Whithorn Burns Supper  Back row L to R;  Piper Cameron Stewart, Douglas Ballantyne, President Rory Christie and Joe McMillian. Front row L to R;  John Nisbet, Robin Davidson and Ted Brown.
Whithorn Burns Supper Back row L to R; Piper Cameron Stewart, Douglas Ballantyne, President Rory Christie and Joe McMillian. Front row L to R; John Nisbet, Robin Davidson and Ted Brown.

St Ninian’s Hall, Isle of Whithorn, saw the Whithorn Burns Club return for their annual gathering on Friday 27th January to celebrate the birth of the national bard, Robert Burns.

Norman Gerrish and Cameron Stewart paraded and piped the humble haggis as it entered the hall to mark the beginning of the festivities. Cameron also had the honour of addressing the beast and did so in his usual no nonsense manner. Joe McMillan said grace before the diners enjoyed the exceptional supper, provided by Caroline McCornick and her finely tuned team.

Robin Davidson of Whauphill led the post supper revelry with his inaugural Immortal Memory. Davidson delivered an interesting and thoroughly researched offering by comparing and dissecting the conceptual ideas of Burns (1759-1796), scholar William Tynedale (1494-1536), political reformer Thomas Muir (1765-1799), revolutionary Maximilien Robespierre (1758-1794) and novelist James Joyce (1882-1941). A splendid maiden voyage.

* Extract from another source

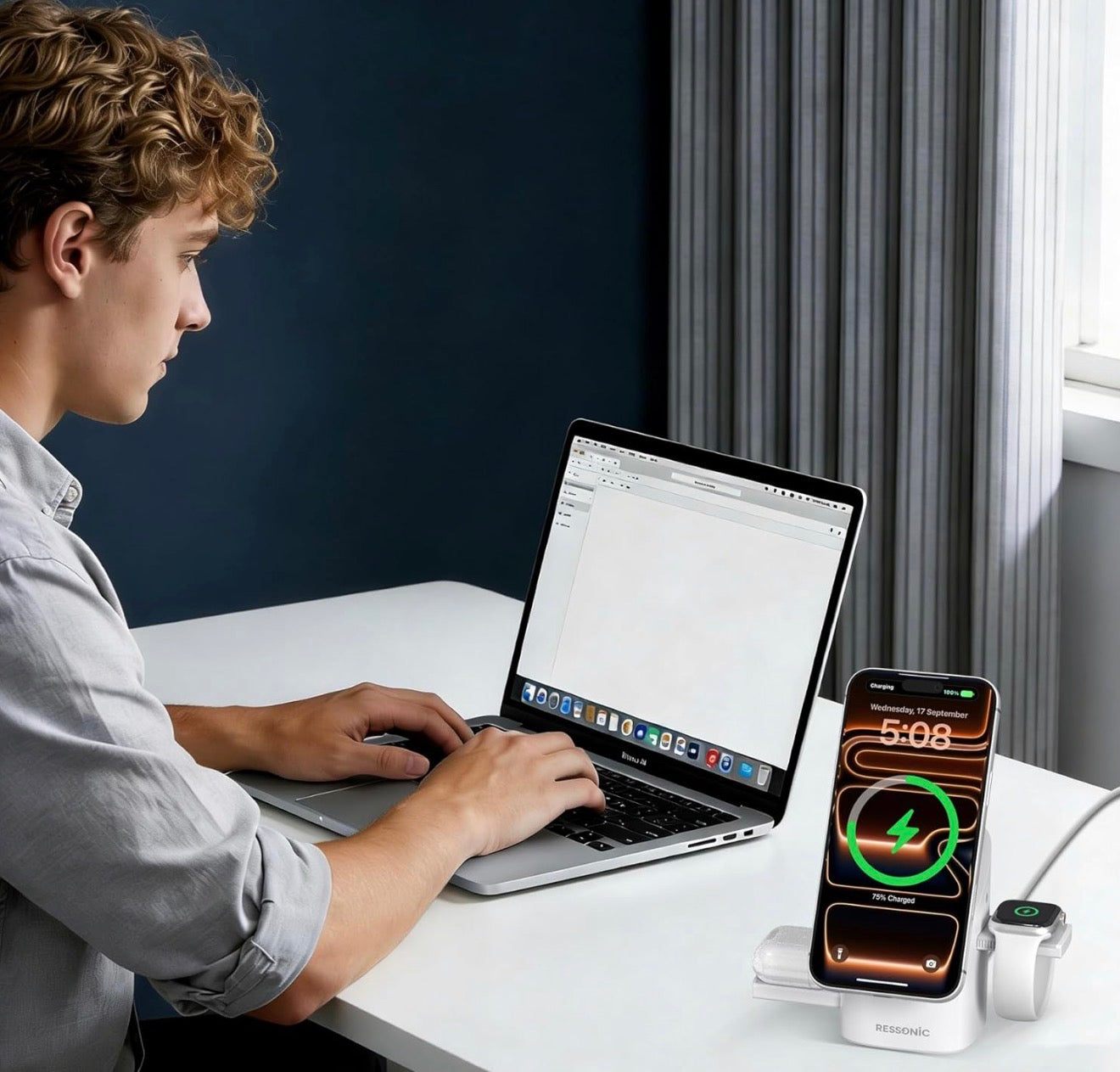 3 in 1 Wireless Charging Station for Apple & Samsung, 15W Fast Magnetic Wireless Charger Stand for Magsafe iPhone & Samsung AirPods, iWatch (with 30W Adapter)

John Nisbet, the piper, biker and reciter from Eyemouth, kicked off with his version of Robert Burns’ Tam o’ Shanter. Nisbet certainly mastered the St. Ninian’s Hall acoustic system with a perfect rendition of Burns’ famous drinking tale. Later in the evening John took to the mic again to give another flawless performance with his recitation of Death and Doctor Hornbook.

Ted Brown from Milaries, Whauphill, proved to be a star turn with his toast to the Lassies. Ted’s unique wit and style provided a funny, flattering and fitting tribute to the fairer sex.

Returned Exile, Douglas Ballantyne, was next to take the stage as he toasted Bonnie Galloway.

Douglas reminisced about his times spent away from the Machars in foreign lands such as England.

It was a masterful performance intertwined with snippets of his own verse and culminating in a full reading of Bonnie Galloway.

Joe McMillan, formerly of Bute and now of Port William concluded the evening with the Omnibus toast. This toast is, essentially, a vote of thanks to all those who have helped make the occasion a success. Joe certainly made the floor his own.

After impressing the company with anecdotes and observations of past (and present) employers Joe mesmerised some more with colourful language and West Coast carousing to bring the celebrations to a close.